Bucs are confident Banks has the skills and maturity to develop into a top-notch pro, and he is ready to take advantage of an opportunity to contribute right away.
"I'm not going to put myself out there like that," Banks said of his chances of becoming an immediate starter in a defense that nearly set a NFL record for passing yards allowed last season. "I'm coming in here willing to work hard -- special teams, defense -- and do anything I can to help."
Tampa Bay selected the 2012 Jim Thorpe Award winner 43rd overall despite trading its first round pick to obtain three-time All-Pro cornerback Darrelle Revis in a deal with the New York Jets.
Revis is generally regarded as the best player at his position in the game. Banks is looking forward to learning from him while competing with another veteran, Eric Wright, for playing time in a revamped secondary that also will feature another newcomer, All-Pro safety Dashon Goldson.
At the very least, Banks is expected to begin his rookie season as the fifth defensive back in passing situations.
After playing four seasons in the Southeastern Conference, routinely being assigned to cover opponents' top receivers, the 6-foot-2, 215-pound native of Maben, Miss., feels he's more than capable of holding his own in the pass-happy NFC South, where the Bucs face Drew Brees, Matt Ryan and Cam Newton twice a year.

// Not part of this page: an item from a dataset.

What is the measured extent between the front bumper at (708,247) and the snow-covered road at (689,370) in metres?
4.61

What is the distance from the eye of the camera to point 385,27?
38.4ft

Although he's not the fastest defender, the Bucs like his aggressive style and versatility. His 16 career interceptions tied a school record at Mississippi State.

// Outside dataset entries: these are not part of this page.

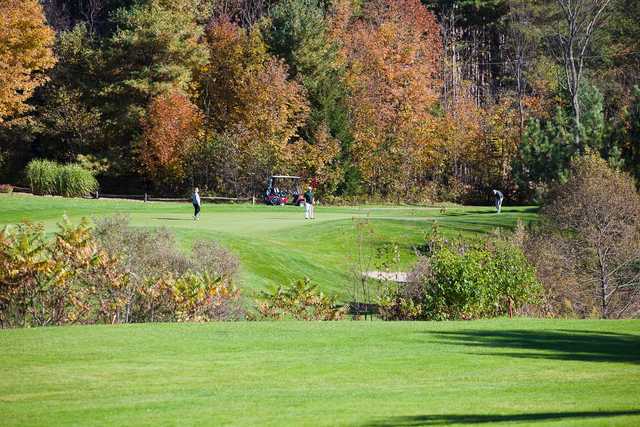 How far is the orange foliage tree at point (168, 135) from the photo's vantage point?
65.5 meters

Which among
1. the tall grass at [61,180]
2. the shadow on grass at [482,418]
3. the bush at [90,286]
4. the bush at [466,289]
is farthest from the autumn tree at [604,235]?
the tall grass at [61,180]

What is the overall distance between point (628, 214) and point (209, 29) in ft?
156

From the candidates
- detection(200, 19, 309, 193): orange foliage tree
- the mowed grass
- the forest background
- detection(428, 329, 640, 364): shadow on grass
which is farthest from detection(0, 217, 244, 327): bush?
the forest background

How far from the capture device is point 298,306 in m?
23.1

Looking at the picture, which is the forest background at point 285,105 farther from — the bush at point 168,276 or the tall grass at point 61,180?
the bush at point 168,276

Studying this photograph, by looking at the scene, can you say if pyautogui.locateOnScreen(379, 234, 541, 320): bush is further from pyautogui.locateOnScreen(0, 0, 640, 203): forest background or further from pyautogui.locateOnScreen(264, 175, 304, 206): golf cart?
pyautogui.locateOnScreen(0, 0, 640, 203): forest background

"Everybody can look at my tape and tell I'm not a 4.6 guy. My tape don't lie. It speaks for itself," Banks said. "I played in the SEC four years. I played against Cordarrelle Patterson, who runs a 4.47, and he didn't really do anything against me. ... I think I have good game speed."
Patterson, who played at Tennessee, was a first-round pick of the Minnesota Vikings.
"We ask our corners to do a lot, everything from press to bail to baiting, to playing off, rotating. He's done all that. He's shown that he can do that. I really likes the way he plays the game," Bucs coach Greg Schiano said.
"He was the captain. He was the guy who makes their defense go, period," Schiano added. "You love that, especially in a corner. That doesn't happen very often."
In addition to being attracted to his toughness and ball skills, the Bucs also cite the 23-year-old maturity as a major asset. Banks is married and has a young son who turns 2 on May 11, the same day the cornerback will graduate from Mississippi State.
"I think his maturity is probably more advanced than a lot of guys his age. He has his own family," Schiano said. "He's played a ton of football. So football-wise, he's mature as well. He's a guy that I really think fit exactly what we're looking for as a player and a person."
Banks said his wife and son, K.J., mean everything to him and help inspire him to be successful.
"Growing up as a kid, I didn't have a lot. So I always said if I ever had a kid and a wife, I was going to make their life as easy as possible so they didn't have to struggle like I did," Banks said.
"Being mature and having responsibility," he added, "I think it even makes my game better, being willing to put the time in and work in that it takes to be a good football player."